John Keats dijo que la verdad era belleza y la belleza, verdad. Que esa era la única cosa que había que saber en la vida.
Y como buen poeta, mentía.
Es obvio que estamos atraídos por la belleza, es inevitable mientras seamos humanos. Algunos, con mucho tiempo libre en sus laboratorios, han demostrado que a los guapos les concedemos el beneficio de la duda, mayores sueldos, más inteligencia de la que tienen y les perdonamos comportamientos que no permitimos en el resto… Entre otras muchas cosas.
Cicerón se lamentó alguna vez de que los romanos echaban a las bestias a algún feo, sólo por diversión, pero es que incluso los recién nacidos se ven atraídos por rostros más bellos y se quedan mirándolos.
La belleza nos captura como lo hacen las sirenas, que con el canto idiotizan y con el acantilado destrozan. Por cierto, eso es algo que saben muchos sin escrúpulos.
Pero esto no va hoy sobre la belleza de las personas. Nos dejamos atraer también por las narrativas bellas, las palabras bonitas que dicen cosas que suenan bien, como que podemos si queremos, que somos los mejores, que basta con seguir un sueño, que el mundo es nuestro campo de juego y nosotros protagonistas especiales, con un destino que cumplir.

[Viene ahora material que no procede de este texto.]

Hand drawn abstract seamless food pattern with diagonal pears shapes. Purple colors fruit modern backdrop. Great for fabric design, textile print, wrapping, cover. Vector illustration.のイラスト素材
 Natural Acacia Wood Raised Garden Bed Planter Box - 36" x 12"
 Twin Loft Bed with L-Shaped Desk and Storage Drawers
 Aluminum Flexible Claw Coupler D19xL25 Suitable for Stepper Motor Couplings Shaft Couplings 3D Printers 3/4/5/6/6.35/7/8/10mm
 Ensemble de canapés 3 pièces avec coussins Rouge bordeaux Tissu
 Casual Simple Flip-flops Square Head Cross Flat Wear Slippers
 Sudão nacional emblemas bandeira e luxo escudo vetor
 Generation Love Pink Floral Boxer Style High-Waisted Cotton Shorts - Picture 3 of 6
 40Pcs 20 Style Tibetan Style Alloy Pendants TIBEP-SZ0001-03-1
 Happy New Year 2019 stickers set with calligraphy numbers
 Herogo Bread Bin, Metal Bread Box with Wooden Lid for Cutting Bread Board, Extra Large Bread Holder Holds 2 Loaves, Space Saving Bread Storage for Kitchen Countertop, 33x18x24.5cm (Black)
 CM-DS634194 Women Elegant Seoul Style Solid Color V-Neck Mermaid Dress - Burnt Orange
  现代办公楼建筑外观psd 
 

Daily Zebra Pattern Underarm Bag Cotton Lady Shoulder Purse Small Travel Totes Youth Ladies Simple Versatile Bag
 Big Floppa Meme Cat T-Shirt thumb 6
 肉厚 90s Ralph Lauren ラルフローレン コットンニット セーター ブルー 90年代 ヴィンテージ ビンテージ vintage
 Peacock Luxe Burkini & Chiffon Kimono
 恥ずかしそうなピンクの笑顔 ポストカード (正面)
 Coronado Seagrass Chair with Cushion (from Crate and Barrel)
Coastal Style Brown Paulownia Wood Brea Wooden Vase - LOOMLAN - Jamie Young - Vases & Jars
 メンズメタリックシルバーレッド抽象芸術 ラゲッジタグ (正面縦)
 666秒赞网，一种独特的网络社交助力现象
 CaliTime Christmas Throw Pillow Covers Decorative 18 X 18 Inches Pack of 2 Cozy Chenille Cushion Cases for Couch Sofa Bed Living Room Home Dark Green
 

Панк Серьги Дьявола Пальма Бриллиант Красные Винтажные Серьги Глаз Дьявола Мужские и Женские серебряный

Esas que nos hablan de la victoria del héroe y de que los amores son como en el cuento.
Son narrativas tan preciosas que hacemos con ellas lo mismo que con los guapos, les concedemos que dicen la verdad incluso cuando mienten claramente.
Hay una tendencia natural a creer a las frases bonitas, porque las personas, desde bebés y hasta la tumba, somos atraídos hacia lo bello, así que no muchas se paran a pensar si Keats miente o no y si esas narrativas mienten o no. Nos atraen los finales felices y las secciones de autoayuda crecen, aunque la mayor parte de lo que digan construya un monumento a la estupidez, que cae cuando uno se para a pensar un poco.
Una de las narrativas más atrayentes es lo que la psicología llama «la falacia del mundo justo», que consiste en que asignamos a la vida la cualidad de la justicia, como si fuera un ser humano.
Ya sabe cómo funciona: que si «La vida da a cada uno lo que se merece», que si «pone a todos en su sitio tarde o temprano…». Narrativas bellas, narrativas falsas. Porque es bastante obvio (y demostrado) que no es así.
La vida no sabe leer, ni lo que es la justicia, ni es humana. A veces uno recibe su merecido, otras muchas no y en infinidad de ocasiones les ocurren cosas malas a los buenos. Basta levantar la vista y observar.
La última vez que lo comprobé, la vida no era una persona y muchos que trabajaron duro y fueron justos están sin techo, mientras muchos que roban siguen libres y ricos.
La vida se parece más a una selva que a un juzgado y son los lobos, no los hombres buenos, los que duermen seguros con la barriga llena. Algún lobo cae de vez en cuando, mientras la mayoría reina a sus anchas. Que creamos que esos «de vez en cuando» significan «siempre» es dejarse timar por lo bonito que suena.
Somos engañados por la falacia del mundo justo y también por muchas otras, pues miramos y no pensamos. La belleza de una narrativa no la convierte en cierta, pero es suficiente para cegarnos, para citarla en una red social, para vender libros tontos, para que diciéndola parezcamos más inteligentes de lo que somos.
Con la sabiduría que dan los inviernos (que diría Wilde) uno aprende (a veces sólo) que las frases bonitas, como el canto de las sirenas, pueden (suelen) ser mentira.
La belleza dispara las alarmas en el marinero curtido, que ya ha navegado por donde habitan los monstruos de cara bonita.
Belleza y verdad no guardan parentesco alguno, no van de la mano y todo poeta ha de mentir si quiere ser bueno. Pasan por delante esas frases, tan bonitas… Queremos seguirlas y creerlas y ver adónde van. Nunca nos libraremos de que nos gusten, pero a lo mejor, alguna vez, si no se trata de ficción ni poesía, podemos cometer el acto criminal de pensar cuando las escuchemos.